A couple weeks ago, I conducted my first in-person interview with an examiner at the United States Patent and Trademark Office. As I am based in Cambridge, Massachusetts, an in-person interview requires a trip to Alexandria, Virginia, which is an added cost for the client; so it is not feasible in every case. An in-person interview may, however, be a valuable option for cases that are particularly complex. I cannot discuss the particulars of any cases on this blog, though I can offer some general observations.
First, while I had previously conducted numerous telephone interviews on various cases, I found the in-person interview experience far superior and more effective. While a natural reaction is to want to use the majority of one's time during an interview trying to hammer home one's perspective, you may be particularly rewarded by also focusing on being a good listener.

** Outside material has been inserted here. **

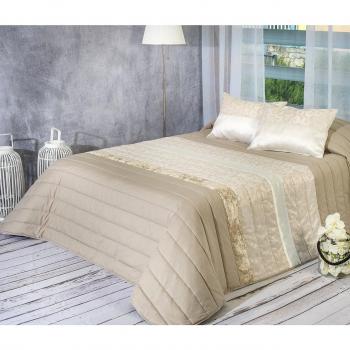 Algodón Blanco Coentrao - Colcha bouti jacquard, para cama de 150 cm, 250 x 270 cm, 2 fundas de cojín, 60 x 40 cm, color beige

Focusing on listening allows one to gain a much better insight as to why an examiner may be making some of his/her rejections. Regardless of whether you agree with all of those rejections, gaining a better understanding of the examiner's perspective can provide huge dividends (it's every bit as important for you to fully understand the examiner's position as it is for the examiner to understand yours); and establishing a strong, cooperative rapport is likely to expedite future prosecution by saving addtional exchanges of Office Actions and Responses as you fast-track the process of sorting out differing interpretations and perspectives with the examiner (just as you can expedite and improve the drafting of a patent application by meeting in-person with the inventors rather than relying solely on an exchange of documents).
Because you can better explain and discuss an invention via an interactive dialog, where you can observe the examiner's non-verbal expressions and gain better insights into the examiner's perspective and thought processes, an in-person interview can be a very shrewd and effective investment toward obtaining an expedited allowance of acceptable scope.
From Boston, ours was a surprisingly easy trip. US Airways has a shuttle leaving every hour from Logan. We left early in the morning (with no luggage--so no check-in or baggage claim delays) flew to Reagan National in about an hour and a half, jumped on the DC Metro and arrived at King's Street Station in about 15 minutes and then walked less than 10 minutes to the USPTO campus. As we had time left over after the interview before our afternoon return flight, we took a quick tour of the nearby George Washington National Masonic Memorial and enjoyed lunch on King Street in Arlington before heading back to the airport.
All in all, an enjoyable, stimulating, rewarding and productive investment of the better part of a day. The examiners, who were both very gracious, seemed to enjoy and appreciate it as well.